Seeing the nature-inspired architecture of Antoni Gaudi in Barcelona had a profound effect on Jimenez. It didn’t change him as an artist so much as it reaffirmed what he’d been thinking, and wanting to do, for years. Gaudi’s organic style – the tree-inspired columns and shell-like spirals – spoke to him about the potential of his own art.
“Gaudi inspired me very much,” he says. “Everything he does is about nature, exactly as it is in nature. He was able to replicate it in his architecture.


 “I came back from Spain and knew that I wanted to do something like that,” he recalls. “But I didn’t know what it would be. I wasn’t actively searching, I was thinking about it in the back of my mind. It took a while before I found it – or it found me.”


He recalls walking out into the equipment-storage yard at his office one day and seeing a seed pod from an acacia tree on the ground. “I picked it up and I thought, this is interesting. I knew right away I could make something out of that seed. And it was funny, I hadn’t really noticed them before. I’d stepped on them many times and liked the crunch they made. I had to see it hundreds of times before I really saw it.”
With its complex design, the acacia seed pod interested him as an engineer. But its strange, evolutionary-formed contours also appealed to him as an artist. It took four years of trial and error, though, before he figured out how to translate the seed pod into a viable sculpture.  
“I tried a number of different things. Some weren’t practical – we didn’t have the equipment or they were too expensive. Some just didn’t work. But then gradually, the sculptures began to emerge and we continue to refine them.”

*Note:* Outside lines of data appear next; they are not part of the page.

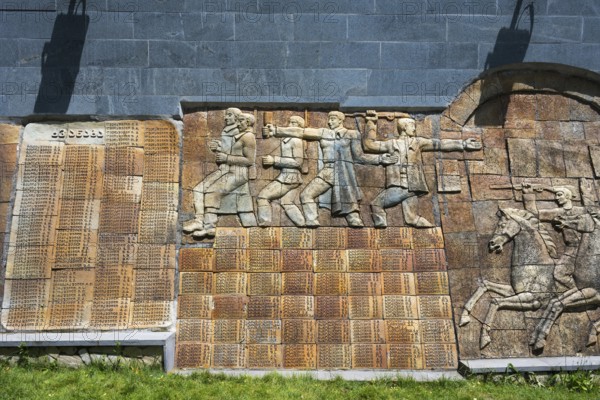 Stone relief with figures and memorial plaque in a historical illustration, commemoration of World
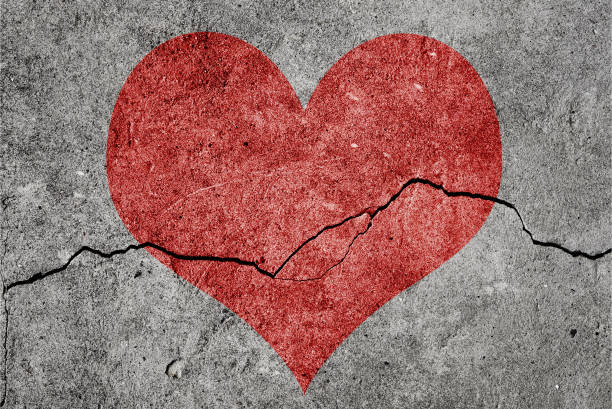 istock Damaged wall. Gray background with crack 1283606135
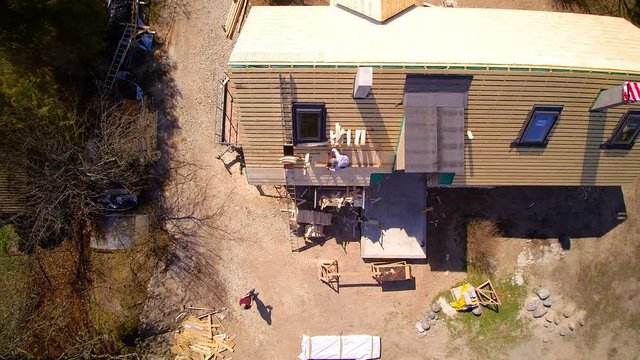 Aerial view of the wooden roof of the cabin house with a roofer installing shingles on the roof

With the acacia seeds, he realized, Jimenez had found a perfect subject matter, both visually and metaphorically. They allowed him to create art with a strong visceral appeal that also explored the fundamental cycles of nature: birth, death, regeneration, evolution. From these tiny seeds spring trees that produce products as diverse as food, furniture, fuel, paper, musical instruments and children’s toys. It was a subject that called him (and now calls his viewers) to the natural world, echoing Gaudi’s famous phrase: “Originality is returning to the origin.”


Each sculpture begins with the seed pod itself. “Every Seed is unique,” he says. “They don’t come out of a computer.” Jimenez then works with a team that laser-cuts the laminated steel, molding it into the form of the individual seed pod. The stirring colors of the Seeds reflect the energy of Jimenez’s hometown, Miami. 
As with the Peace series, Jimenez sees many possibilities with this new sculpture. So far, the largest in the series is seven feet. But Jimenez is a fan of public sculpture – such as that of Mexican artist Sebastián – and talks of one day creating giant versions of Seeds for sculpture gardens in Europe, Japan and elsewhere.
He sees the new series, as he does all of his art, as a collaboration with the viewer. “They are about what the viewer brings to it and takes away from it .... We are planting seeds of love for Mother Earth,” he says. “I want to give people back something positive.” 


Jimenez’s new sculpture is an art that urges us to be patient, to observe, to listen, to discover. Sometimes, what we seek is closer than we imagine, it tells us. Sometimes, it’s right under our feet.